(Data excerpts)
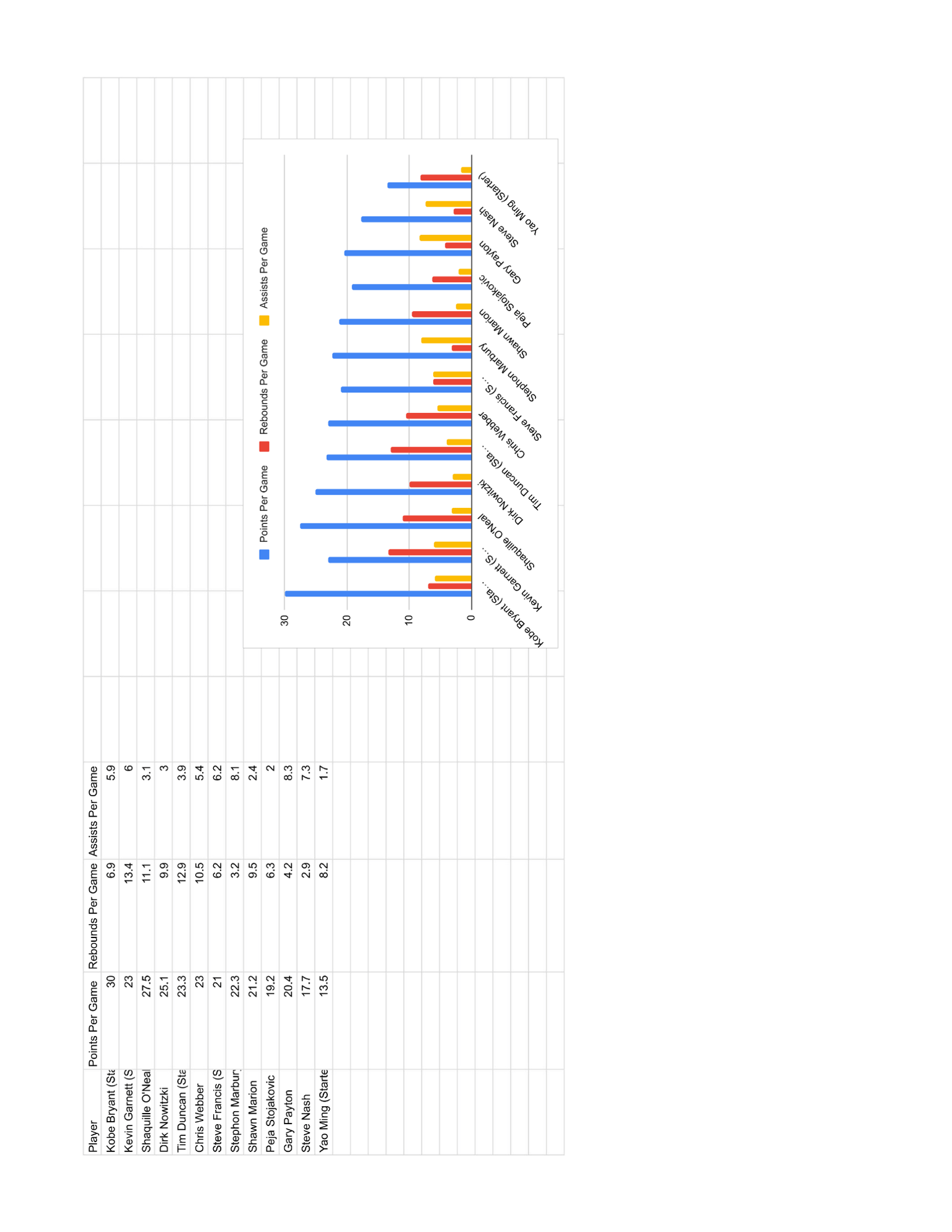 The points per game, rebounds per game, for the 2003 NBA season By Adam Rothstein - image 1 - student project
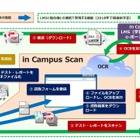 キヤノンMJ・キヤノンITS、AIで授業支援…「in Campus Scan」 画像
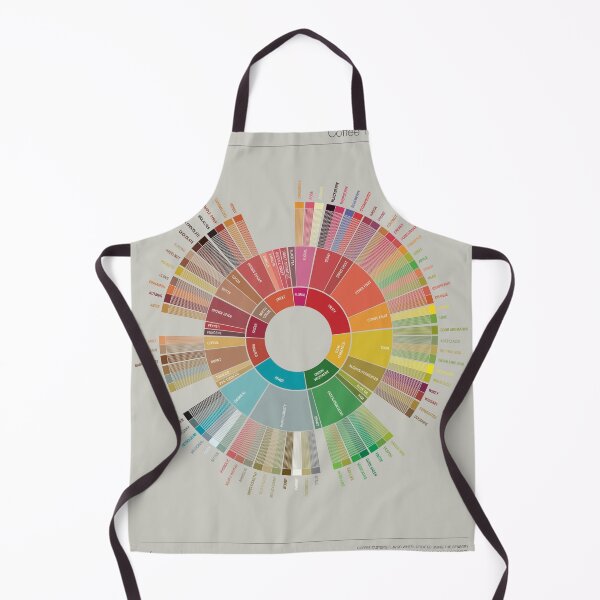 Item preview, whell coffee designed and sold by joriearmstrong.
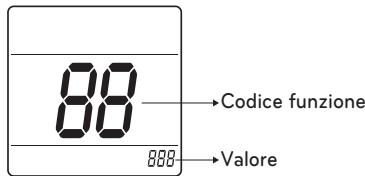 LG PQRCHCA0Q - ATTENZIONE - 1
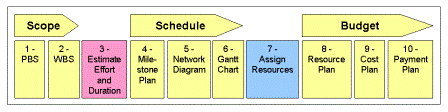 Effort Estimation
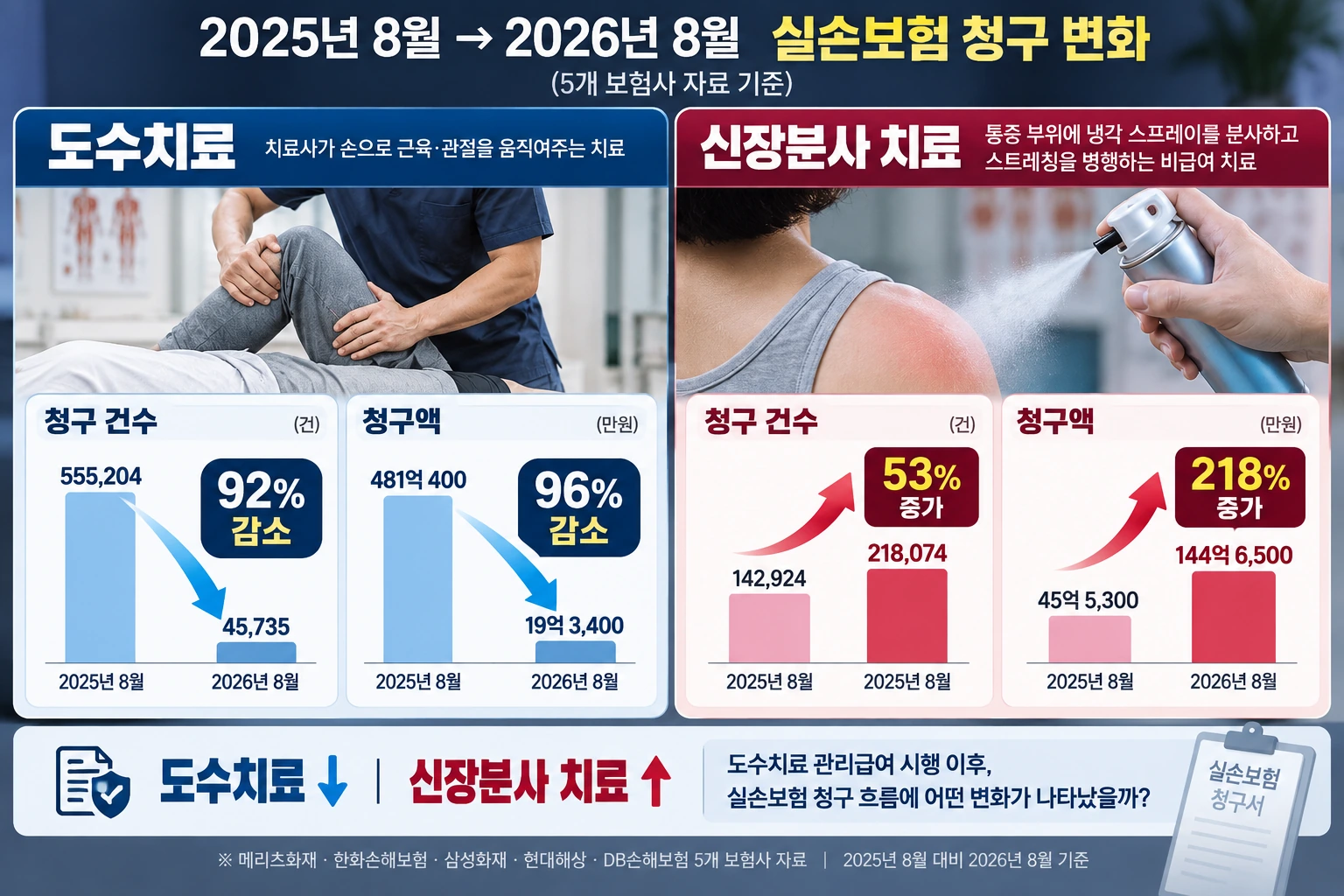 2025년과 2026년 8월 도수치료와 신장분사 치료 실손보험 청구 변화를 비교한 인포그래픽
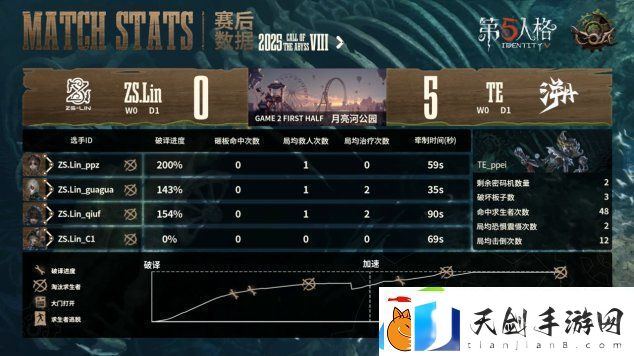 第五人格COA8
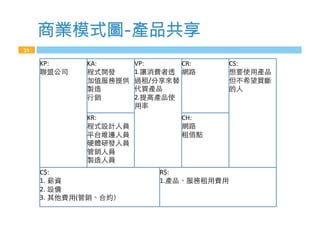 31
KP:!
!
VP:!
1.
/
!
2.
!
KA:!
!
!
!
!
KR:!
!
!
!
!
!
CR:!!
!
CH:!
!
!
CS:!
!
C$:!
1.  !
2.  !
3.  ( !
R$:!
1. !
商業模式圖 產品共l
 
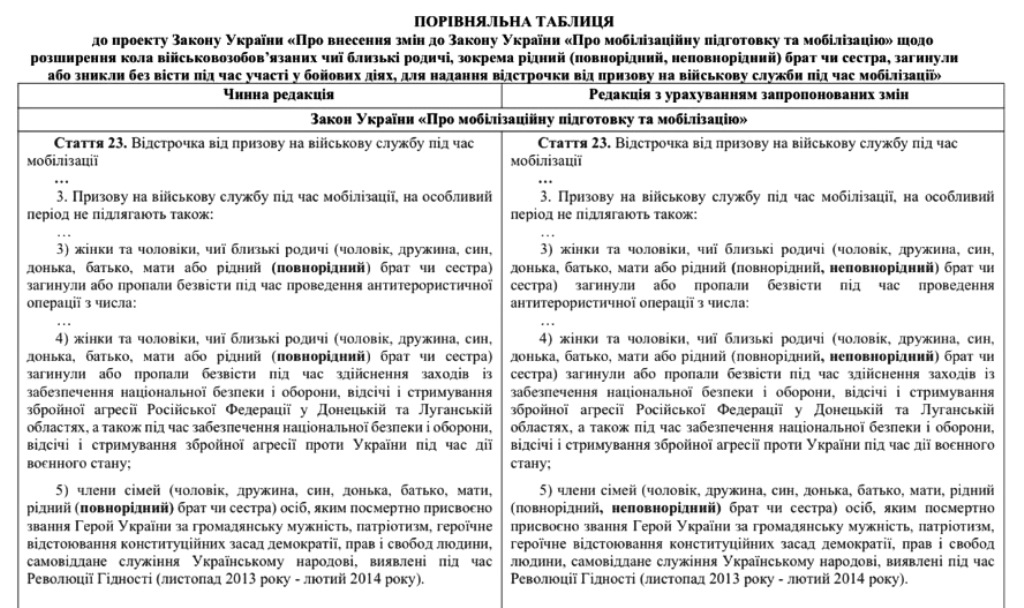 Минобороны поддержало законопроект об отсрочки от мобилизации еще одной категории военнообязанных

- ASSIGNMENT: Nothing but the lines from the one containing "2025년과 2026년 8월" through the last line of the records above should appear, each repeated exactly, with no pictures.

- ANSWER BOX:
 2025년과 2026년 8월 도수치료와 신장분사 치료 실손보험 청구 변화를 비교한 인포그래픽
 第五人格COA8
 31
KP:!
!
VP:!
1.
/
!
2.
!
KA:!
!
!
!
!
KR:!
!
!
!
!
!
CR:!!
!
CH:!
!
!
CS:!
!
C$:!
1.  !
2.  !
3.  ( !
R$:!
1. !
商業模式圖 產品共l
 
 Минобороны поддержало законопроект об отсрочки от мобилизации еще одной категории военнообязанных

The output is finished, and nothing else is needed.